The datafile can be found here: BPI_Challenge_2012.xes.gz (unzip and import this file in ProM). The amount (size of the loan) requested by the customer is indicated in the case attribute AMOUNT_REQ, which is global, i.e. every case contains this attribute. The event log is a merger of three intertwined sub processes. The first letter of each task name identifies from which sub process (source) it originated from. Feel free to run analyses on the process as a whole, on selections of the whole process and/or the individual sub processes. Event types are explained in the table below.

Informal process description: An application is submitted through a webpage. Then, some automatic checks are performed, after which the application is complemented with additional information. This information is obtained trough contacting the customer by phone. If an applicant is eligible, an offer is sent to the client by mail. After this offer is received back, it is assessed. When it is incomplete, missing information is added by again contacting the customer. Then a final assessment is done, after which the application is approved and activated.

Event Type Meaning
States starting with ‘A_’ States of the application
States starting with ‘O_’ States of the offer belonging to the application
States starting with ‘W_’ States of the work item belonging to the application
COMPLETE The task (of type ‘A_’ or ‘O_’) is completed
SCHEDULE The work item (of type ‘W_’) is created in the queue (automatic step following manual actions)
START The work item (of type ‘W_’) is obtained by the resource
COMPLETE The work item (of type ‘W_’) is released by the resource and put back in the queue or transferred to another queue (SCHEDULE)

Your Assignment

The goal of the assignment is to become familiar with a tool such as ProM to analyze business processes based on event data. You will need to write a report on your activities, addressing both technical (Process Mining) and domain-specific (Process Analysis) aspects:

Process Mining [60p]
  1. Analyze the event logs using ProM in at least four different ways:

    1. [10p] the plain "View" tab
    2. [10p] a Dotted Chart Analysis
    3. [10p] the Alpha Miner (Petri Nets)
    4. [10p] a miner of your choice (e.g., the Fuzzy Miner)

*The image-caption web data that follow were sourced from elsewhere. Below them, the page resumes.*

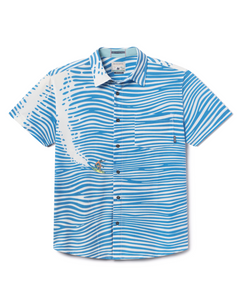 Flat lay of 100 Foot Wave Vagabond recycled travel button-up shirt with bold print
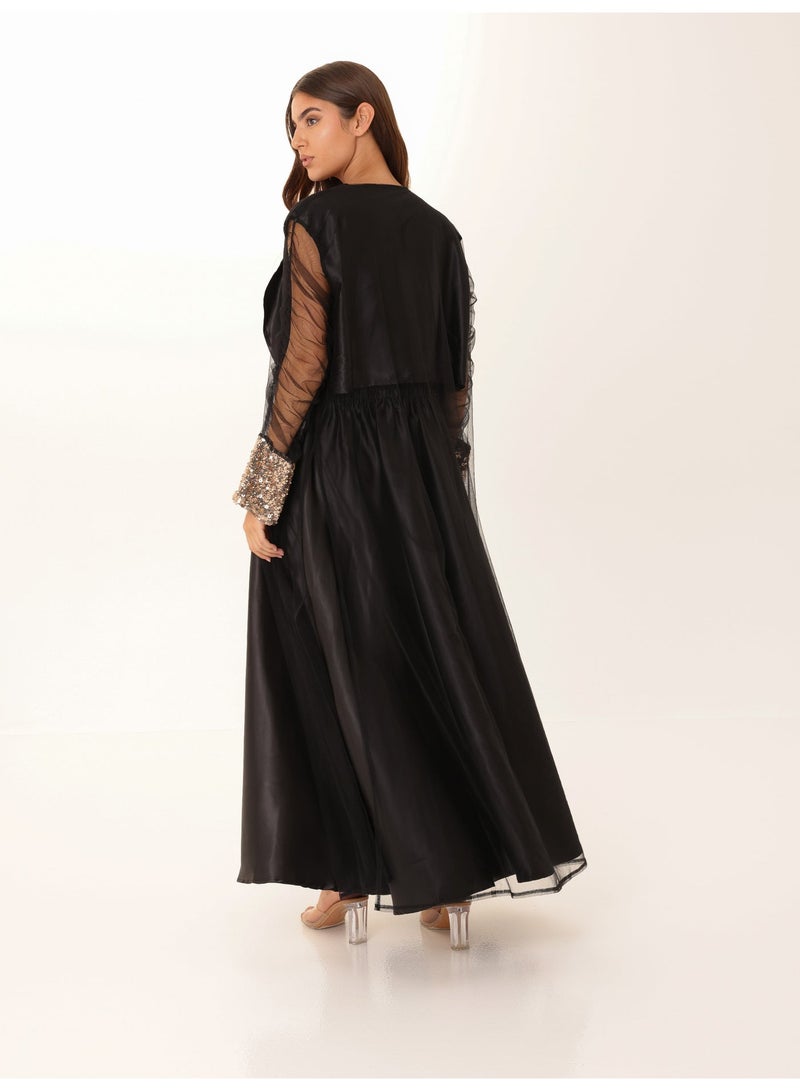 اكسا طقم أنيق من قطعتين بأكمام شفافة من الترتر - Image 4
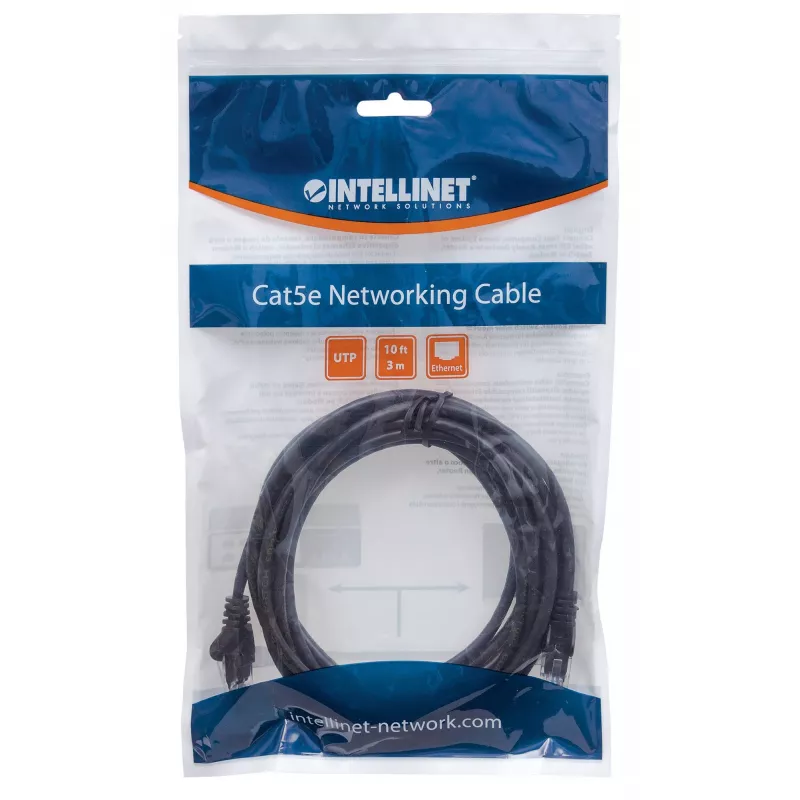 Intellinet Network Patch Cable, Cat6, 1.5m, Black, CCA, U/UTP, PVC, RJ45, Gold Plated Contacts, Snagless, Booted, Lifetime Warranty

    For each technique, report the most important findings and results. Which steps did you take in the ProM tool to obtain the desired results, and why? What settings and parameters did you tune? Please do include plenty of screenshots and diagrams.

  2. [20p] Explain the differences between the different analysis techniques in terms of what information they conceptually provide, and how they work in practice on larger datasets such as the one provided in this assignment.

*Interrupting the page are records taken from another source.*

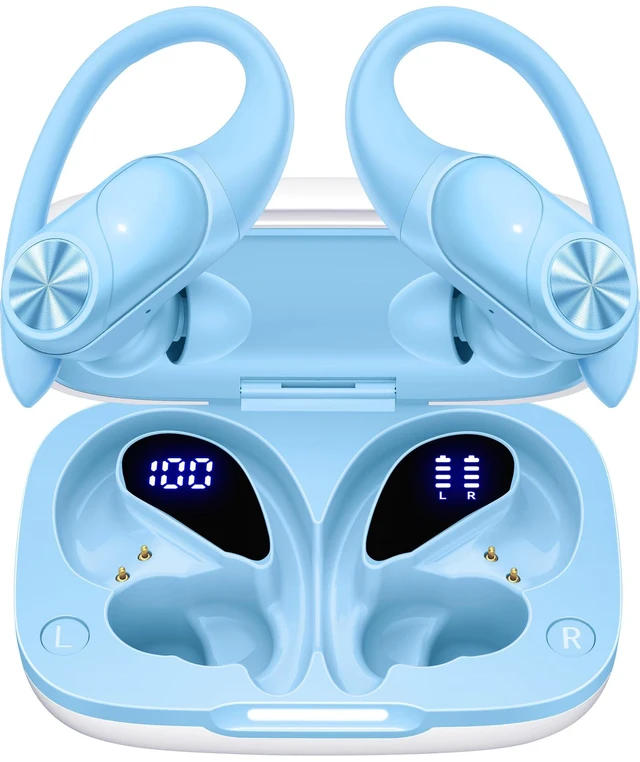 Main image of Bluetooth Headphones Wireless Earbuds 80hrs Playtime Wireless Charging Case Digital Display Sports Ear Buds with Earhook Deep Bass IPX7 Waterproof Over-Ear Earphones for TV Phone Laptop Blue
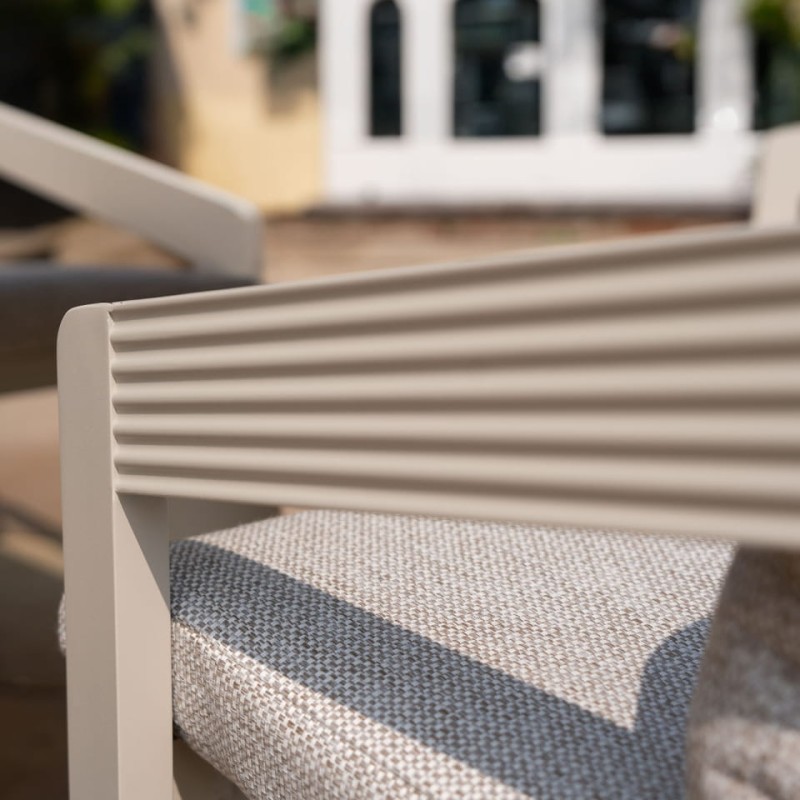 Lyall Garden Furniture Set – Six Chairs and Rectangular Wood-Effect Table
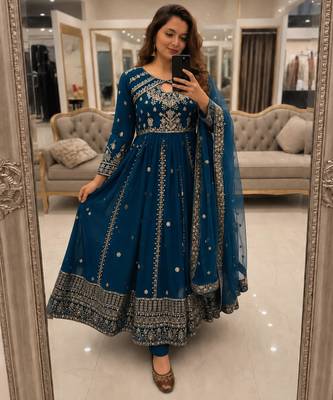 Blue faux georgette sequins  free size  flared gown set 1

Note that as opposed to Assignment 1, the goal is not to visualize all data, but rather to show useful information extracted from the data relevant to answering the questions posed in this assignment.

Process Analysis [40p]

The bank is interested in all valuable information hidden in the event data. The main question is: what does the process model look like, and what can we learn from it?

At least try to answer the questions below, and explain how you obtained the answer (half of the points). Make sure to relate each finding to the financial domain (other half of the points), explaining how the insights may improve the bank's business processes:

  • [5p+5p] What is the average/ minimum/ maximum throughput time of cases?
  • [10p+10p] Which paths take too much time on average? How many cases follow these routings? What are the critical sub-paths for these paths?
  • [5p+5p] Are there any non-intentional dead-ends? Are customers getting stuck somewhere in the process?

For each question, plot relevant values, averages and distributions that support your findings.
Remember to always provide an answer which is based on the data, and always explain how you obtained your answer.

Optional: convert the .xes-data into .csv and also experiment with exploring this data using EventPad (up to 10p bonus points).

Good luck with the assignment! Ask questions. A lot, if you have to. The deadline is posted on the course website.

Full credits for this exercise and the data goes to the BPI Challlenge 2012 held at the 8th International Workshop on Business Process Intelligence.